### About this exercise
Below are records; from the line containing "Sale of ground" through the very last line, output each line exactly. No pictures.

(Records from a collection)
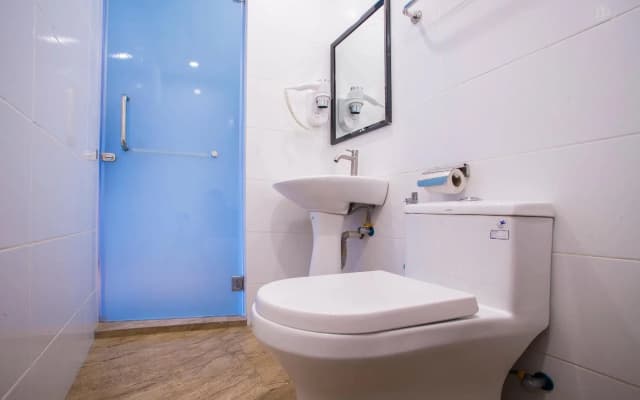 OYO 1126 Gs Hotels (Sanitized Stay) - photo 5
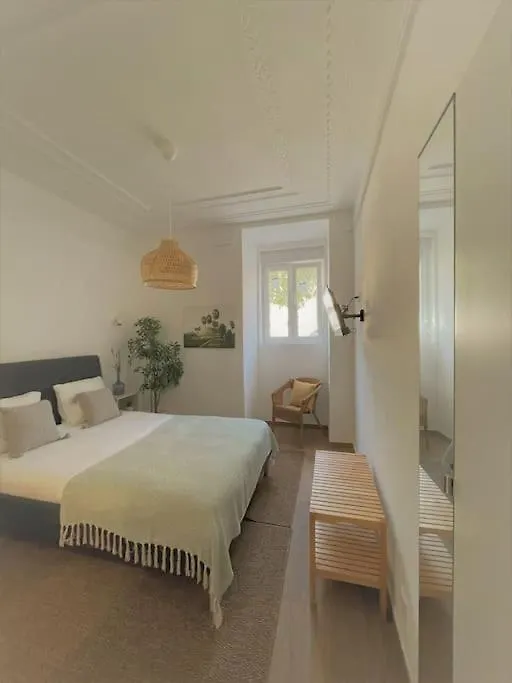 Charming Apartment With Pateo - Rituals&Routines Lisboa 0*,  Portugal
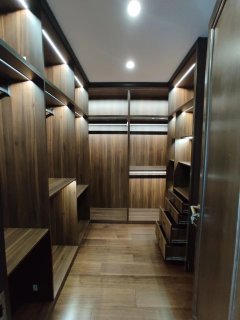 富春玫瑰园 4室3厅4卫 242.00m² 1700万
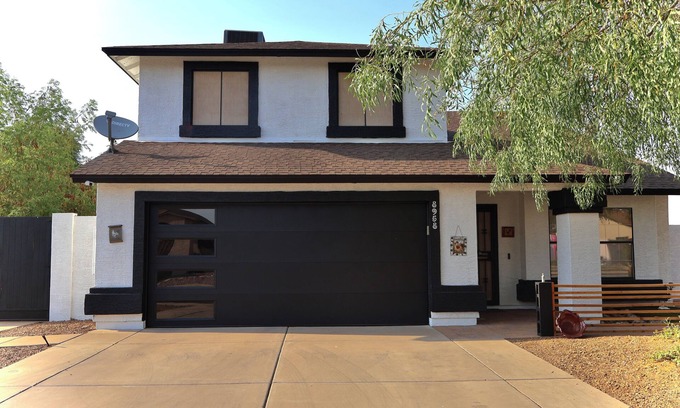 Glendale House | Charming 4-bedroom house in Glendale Near State Farm Stadium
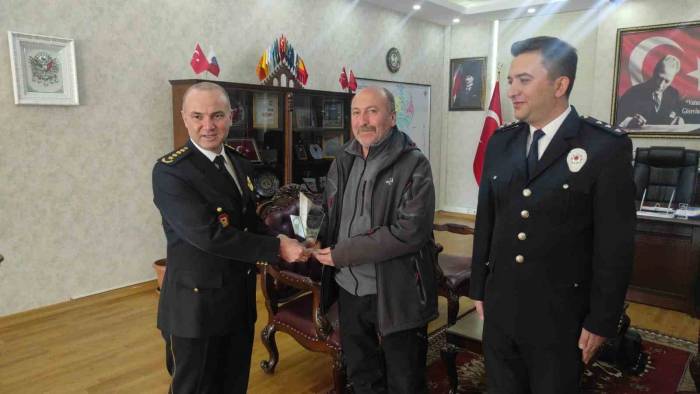 Satranç Turnuvasına Katılan Gazeteci Ve Polis Ödüllendirildi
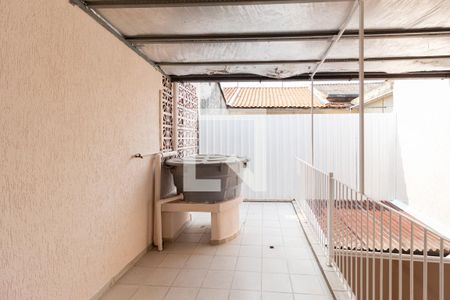 Casa à venda com 135m², 2 quartos e 2 vagasSacada do quarto 2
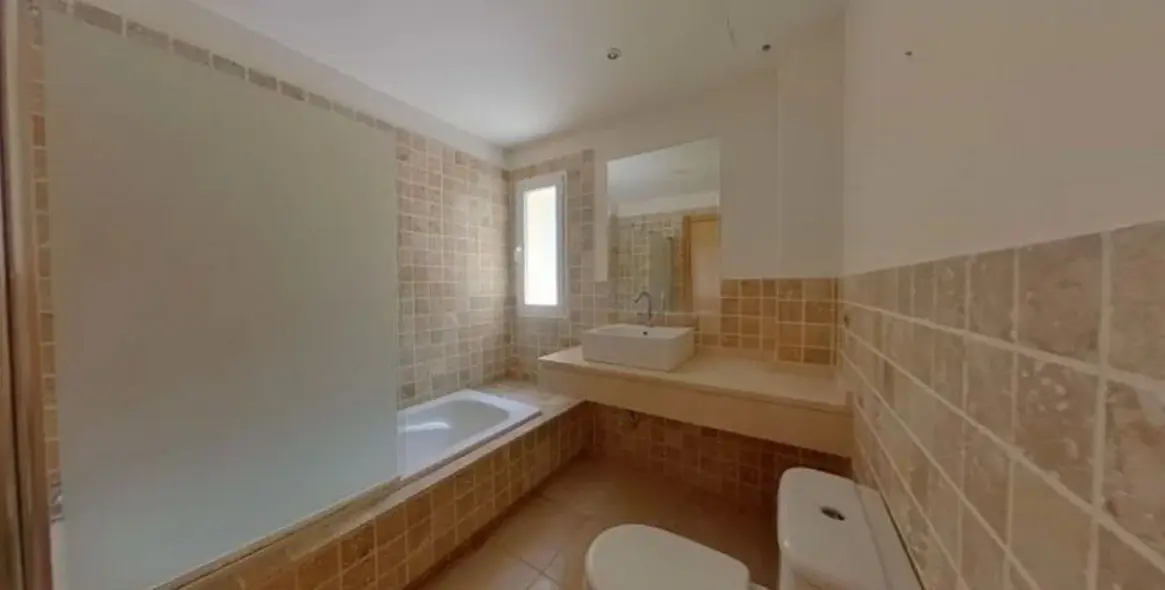 Sale of ground floor apartment in Benahavís 32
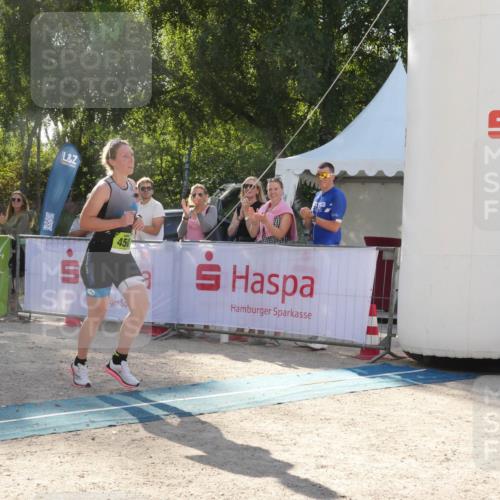 07.09.2025 - 19. Norderstedt Triathlon Zöllner http://msf.ph/oto/8792162 07.09.2025 16:20:21 Ziel 450, 1414 meine-sportfotos.de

### Answer to the exercise
 Sale of ground floor apartment in Benahavís 32
 07.09.2025 - 19. Norderstedt Triathlon Zöllner http://msf.ph/oto/8792162 07.09.2025 16:20:21 Ziel 450, 1414 meine-sportfotos.de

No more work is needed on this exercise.